We caught a local bus and spent the first part of the morning in the local flower and animal market. As it was just after 09:00, the markets were only just opening up their stands but nonetheless we saw many strange sights. Only in China could one expect to find a market specialising in pets including not only kittens, puppies, mice and guinea pigs but also a range of song birds, four or five different species of tortoises, numerous fish, insects and arachnids. We found the whole concept most distressing as the animals were couped up in tiny cages or, as were the tortoises/terrapins, crammed into crates with no space at all. Genetically modified frogs were also for sale as pets. These poor unfortunate creatures have had a gene transplanted into their genome giving them colours of fluorescent pink, orange and green.
Equally bizarre was a box of very large scorpions for sale.
We soon found the animal market far too much to tolerate any further due to both the inhumane treatment of the ‘pets for sale’ and the appalling smell their conditions had generated.
The flower section of the market was only partially open. As is often the case in China, many small businesses don’t open until 11:00 and then stay open well into the night. However amongst the flower stalls that had opened the most popular plants seemed to be orchids, succulents and bromeliads.
Having had more than sufficient market exposure for the morning, we walked a kilometre through the streets and traffic to Green Lake Park, that being a pleasant sanctuary in a city with few redeeming natural features.
The park comprises a number of small lakes with gardens, community areas, brightly coloured pavilions and paths all intermingling to create a lovely relaxing atmosphere. The lakes are ‘green’ because they are almost totally covered with lotus plants. Many of these were flowering with large, highly attractive blooms of pink and white.

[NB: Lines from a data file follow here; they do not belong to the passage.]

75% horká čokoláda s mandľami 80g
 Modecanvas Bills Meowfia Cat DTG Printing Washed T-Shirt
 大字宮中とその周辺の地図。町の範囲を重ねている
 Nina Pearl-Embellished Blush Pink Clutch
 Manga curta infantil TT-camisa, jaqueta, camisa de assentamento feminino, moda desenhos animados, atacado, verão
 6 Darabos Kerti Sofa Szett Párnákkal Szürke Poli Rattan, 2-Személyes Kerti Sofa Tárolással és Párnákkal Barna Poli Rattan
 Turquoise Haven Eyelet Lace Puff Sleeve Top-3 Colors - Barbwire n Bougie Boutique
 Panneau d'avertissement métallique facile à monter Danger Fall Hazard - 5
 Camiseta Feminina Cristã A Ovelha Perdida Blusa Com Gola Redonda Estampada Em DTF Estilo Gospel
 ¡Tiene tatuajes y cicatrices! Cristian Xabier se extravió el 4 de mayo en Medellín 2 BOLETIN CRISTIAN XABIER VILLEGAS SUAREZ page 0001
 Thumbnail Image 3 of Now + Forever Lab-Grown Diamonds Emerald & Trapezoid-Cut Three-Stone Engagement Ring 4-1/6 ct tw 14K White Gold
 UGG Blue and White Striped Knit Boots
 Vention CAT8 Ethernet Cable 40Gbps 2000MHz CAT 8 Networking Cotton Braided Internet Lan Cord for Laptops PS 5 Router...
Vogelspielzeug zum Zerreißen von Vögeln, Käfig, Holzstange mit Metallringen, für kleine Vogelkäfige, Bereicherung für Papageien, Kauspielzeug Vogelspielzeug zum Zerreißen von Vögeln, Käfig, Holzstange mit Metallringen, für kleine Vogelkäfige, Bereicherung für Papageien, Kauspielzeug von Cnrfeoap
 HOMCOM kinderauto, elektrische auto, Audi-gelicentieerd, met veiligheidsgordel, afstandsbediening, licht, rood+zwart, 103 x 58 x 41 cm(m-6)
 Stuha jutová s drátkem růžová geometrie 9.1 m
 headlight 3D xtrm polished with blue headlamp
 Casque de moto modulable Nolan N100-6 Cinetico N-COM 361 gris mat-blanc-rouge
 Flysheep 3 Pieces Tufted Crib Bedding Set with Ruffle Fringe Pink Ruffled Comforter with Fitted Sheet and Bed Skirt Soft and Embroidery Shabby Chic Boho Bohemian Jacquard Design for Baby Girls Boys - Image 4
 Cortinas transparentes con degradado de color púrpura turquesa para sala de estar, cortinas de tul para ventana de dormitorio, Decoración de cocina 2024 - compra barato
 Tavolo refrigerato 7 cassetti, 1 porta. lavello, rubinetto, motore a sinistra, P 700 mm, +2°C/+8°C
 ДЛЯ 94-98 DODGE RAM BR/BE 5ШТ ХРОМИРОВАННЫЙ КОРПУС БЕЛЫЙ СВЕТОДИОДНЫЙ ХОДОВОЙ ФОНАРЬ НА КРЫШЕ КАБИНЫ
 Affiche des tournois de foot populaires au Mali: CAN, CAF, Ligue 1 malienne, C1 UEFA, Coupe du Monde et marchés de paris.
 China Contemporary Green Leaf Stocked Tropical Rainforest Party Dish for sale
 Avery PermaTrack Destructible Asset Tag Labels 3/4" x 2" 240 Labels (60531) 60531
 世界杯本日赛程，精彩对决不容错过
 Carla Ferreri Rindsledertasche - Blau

This floral bonanza had created a photographic frenzy amongst the locals and tourists alike.
In the open community areas people were participating in activities such as tai chi, yoga and ribbon dancing to music. Many appeared to be sitting quietly and meditating in solitude.
We then returned to our 21st floor hotel room in the central metropolis and gathered our things and caught a local bus the Kunming airport, in preparation for our ninety-minute flight to Guilin.
The Riuli plane was stiflingly hot when we boarded and we all suffered near heat exhaustion. Corinne fell asleep and doesn’t even remember the plane taking off. She later awoke and was surprised that we were already half-way to Guilin!
Now being in Guangxi Province, we clambered on board a private bus and headed south from Guilin towards Yangshou, our intended location for the next few days. The road was rough and uneven but the scenery was breathtaking. Apart from the relief of seeing green farmlands again the landscape has features that are described as ‘karst’ mountains.
There are literally thousands of limestone stacks protruding from the flat plain in every direction one looks. These small mountains are pinnacles with sheer sides often several hundred metres high. Most are covered in lush vegetation but where the rocks are barren there is often evidence of white limestone being present. The plain from which these amazing structures rise is rich agricultural ground with rice paddies predominating.
Our path south from Guilin to Yangshou followed the Li River which we’ll travel on tomorrow. On arrival in Yangshou we booked into our hotel and then when for an orientation walk in the central part where night-time creates a party atmosphere with colourful lights and the decorated stalls in the streets set against the illuminated backdrop of the karst mountains that surround the village.
We had an evening meal of ‘western’ food in a local restaurant and then headed for bed trying to put aside and lingering memories of the concrete and glass edifice of Kunming.